Hill Sixteen died from injuries after falling at the first fence of the race, having never fallen before in his career.
The protests at Aintree are the latest in a string of forceful action the country has witnessed in recent months.
Mr Thomson said: “We are getting fed up in this country and somebody’s got to start doing something about these people. Most people are going about their lawful business and you get [protestors] lying on roads and things. We’ve got to take a much firmer stance.”
Although the level of disruption seen at Aintree feels more intense that what has been witnessed in the past, concerns over racing and the welfare of horses has long been a focal point for groups such as Animal Aid.
Dene Stansall, a horse welfare consultant at the action group is a well known critic of racing and the detrimental impact it has on the animals.
He believes Sandy Thomson’s comments clearly demonstrate a horse’s welfare does not come first in the decision making process of those involved in the sport.
He said: “From my point of view, if the racecourse thought there was any problem with horse welfare issues, then they should have stopped the race and run it on the Monday as they’ve done in the past.
“Clearly the racing industry and the trainer at the time decided that despite what was going on, they would still run their horses. The reason being likely because there’s half a million pounds to be won for the winning horse, and the glory and celebrations that come with it.”
“He was prepared to risk his horse for that.”
Horse racing is worth over £4 billion to the UK economy and Mr Stansall said the sport is intrinsically tied to the gambling industry and would not enjoy the popularity it does without this link.
Nevin Truesdale, Chief Executive at the Jockey Club, told Racing TV he believes Aintree has brought the conversation around horse racing back into the public domain and allows the industry to think about what can be improved within the industry.
He said: “What we should be doing is engaging with the more rational organisations like World Horse Welfare and the RSPCA, all of whom can see the changes we’ve made and who continue, rightly, to put us under pressure to make more changes.”
Mr Stansall believes the problem is far more deep rooted. Animal Aid started a petition for horse racing to have an independent body for the protection of racehorses in 2018, which was debated in parliament after receiving over 100,000 signatures.
As a result the Horse Welfare Board was established, but he feels although it is independently chaired, it is still an industry body and they haven’t gone far enough to implement changes.

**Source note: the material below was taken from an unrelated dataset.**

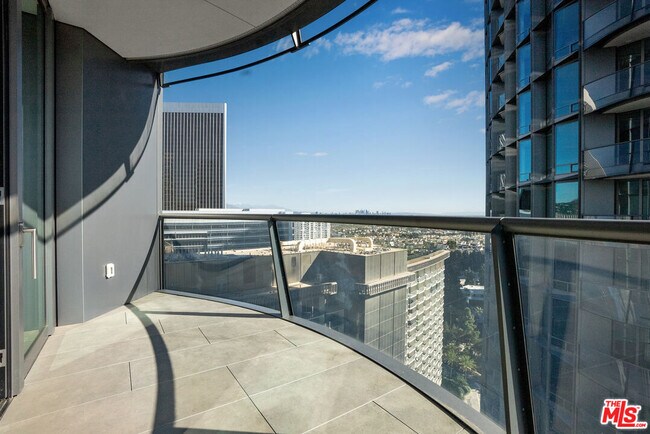 Building Photo - 211 Elm Ct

The horse racing consultant believes the lack of progress has left Animal Aid no option but to call for an outright ban on horse racing.
He said: “The industry promised deaths would come down. That’s four and a half years ago, and we’re still seeing as many horses die now as what we did prior to that. So [they’re] very slow in making any changes, if at all. That’s why we’re campaigning for a ban.
“It’s a big thing to say ban something, but it starts the debate.”
Animal Aid have compiled their own data on fatalities in horse racing as they believe the industry does not release transparent figures to the public. It has been only since 2021 that the British Horseracing Authority have included and recorded deaths of horses for the 48 hours after the event and attributed them as a racing death.
Mr Stansall also pointed out the 0.2% fatality rate of horses in races, actually includes every run completed by a horse.
For instance, if 10 horses completed 10 runs and there was one fatality, this would be recorded as a 1 in 100 fatality rate rather than 1 in 10.
Animal Aid have recorded 2599 deaths of horses since 2007, with the highest being 221 fatalities in 2022. This works out to around four dead horses a week.
Defenders of the industry argue race horses receive an extremely high-quality level of care and the regulation designed around safety and welfare is robust. They also highlight the lack of alternatives proposed by those who want a ban on what to do with the thousands of specifically bred thoroughbred horses that will be left redundant.
Those inside the industry itself stress there is an ongoing consensus in the sport to improve standards.
Racehorse trainer, Richard Phillips, came up with the annual National Racehorse Week in 2021, with the goal of celebrating the thoroughbred and opening up the industry to the public.
Speaking to the Guardian, Mr Phillips said: “Racing needs to open its doors, and let the general public decide whether they think it is a moral sport.”